Un punto importante segnalato dall’arcivescovo è il ruolo sussidiario del credito: “Il blocco di ampi settori dell’economia per garantire maggiore sicurezza sanitaria e diminuire la diffusione del virus mettono in crisi economica, soprattutto di liquidità, le imprese e le famiglie. Se la crisi dovesse durare a lungo si prospetta una crisi della circolarità di produzione e consumo, con lo spettro della disoccupazione. Davanti a questi bisogni il ruolo del credito può essere fondamentale e il sistema finanziario potrebbe riscattarsi da tante e riprovevoli dilapidazioni interessate del recente passato”. Ci vorrà un grande cambiamento di prospettiva in questo campo.
Secondo mons. Crepaldi la pandemia in corso mette in crisi il globalismo come era stato finora concepito e invita a ripensare per via di sussidiarietà la convivenza tra le nazioni ai vari livelli di universalità: “La globalizzazione presentava fino a ieri i suoi fasti e le sue glorie di perfetto funzionamento tecnico-funzionale, di indiscutibile sicumera circa l’obsolescenza di Stati e nazioni, di assoluto valore della “società aperta”: un unico mondo, un’unica religione, un’unica morale universale, un unico popolo mondialista, un’unica autorità mondiale. Però poi può bastare un virus per far crollare il sistema, dato che i livelli non globali delle risposte sono stati disabilitati”.
Con parole molto chiare, il vescovo invita anche a “prendere atto di questa ingloriosa fine per coronavirus dell’Unione Europea”, nella quale “la mancanza del collante morale non è stata compensata dal collante istituzionale e politico”.

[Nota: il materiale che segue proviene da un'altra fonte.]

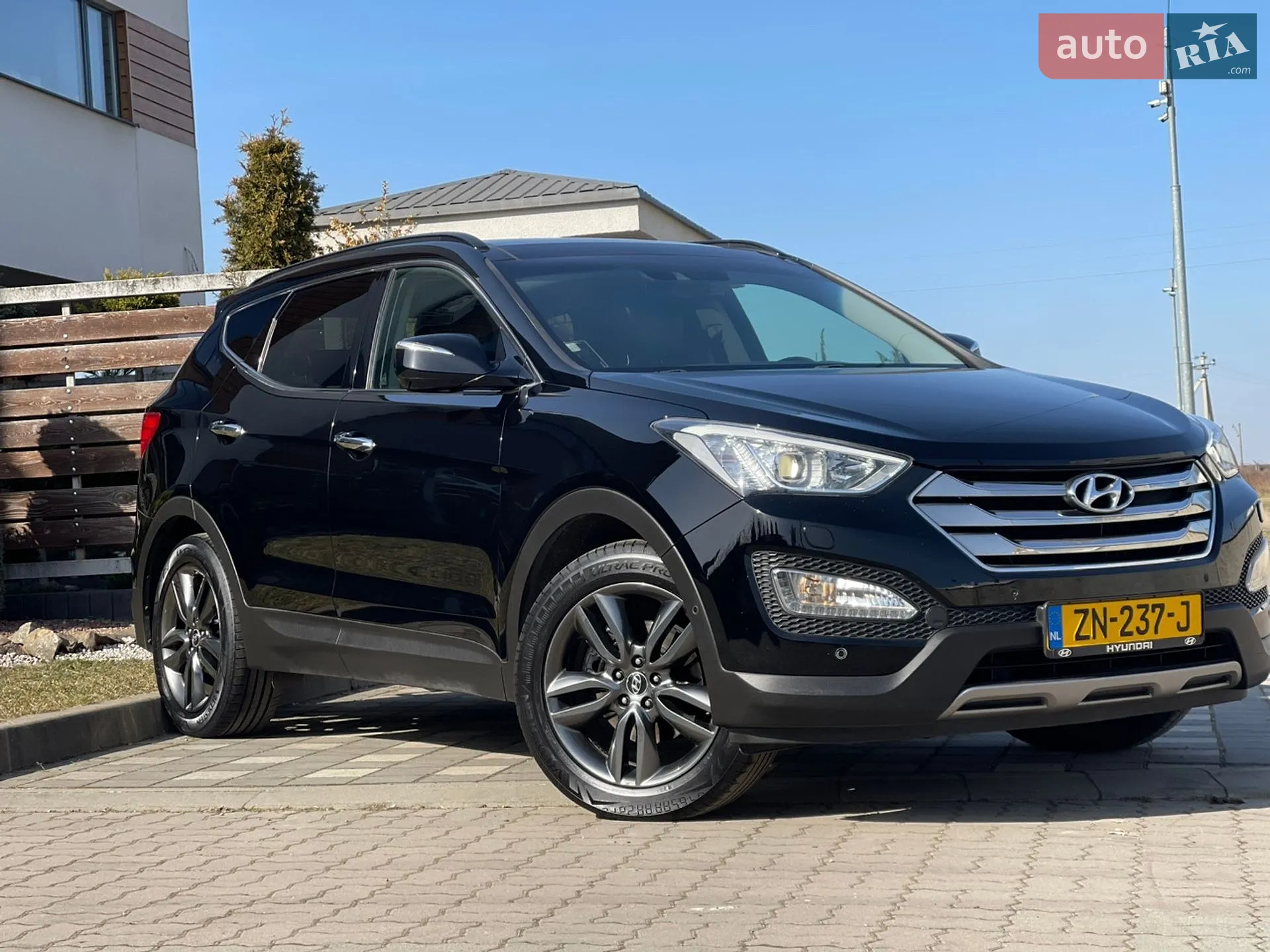 2014 Hyundai Santa Fe - мініатюра 17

Anche i rapporti tra Stato e Chiesa dovranno cambiare: “La salute non è la salvezza, come ci hanno insegnato i martiri, ma in un certo senso la salvezza dà anche la salute. Il buon funzionamento della vita sociale, con i suoi benefici effetti anche sulla salute, ha anche bisogno della salvezza promessa dalla religione: «l’uomo non si sviluppa con le sole sue forze» (Caritas in veritate, 11). “L’autorità politica indebolisce la lotta contro il male quando equipara le Sante Messe alle iniziative ludiche, pensando che debbano essere sospese. Anche la Chiesa può sbagliare quando non fa valere, per lo stesso autentico e completo bene comune, l’esigenza pubblica delle Sante Messe e dell’apertura delle chiese”. Dopo questa esperienza di potrà tornare a riconoscere pubblicamente il posto di Dio nel mondo, sostiene Crepaldi, e non più continuare a viere come se Dio non fosse.
Un testo questo dell’arcivescovo Crepaldi da leggere e da meditare, perché il dopo-coronavirus – con l’aiuto della luce e della speranza che provengono dalla Dottrina sociale della Chiesa” – sia un mondo migliore.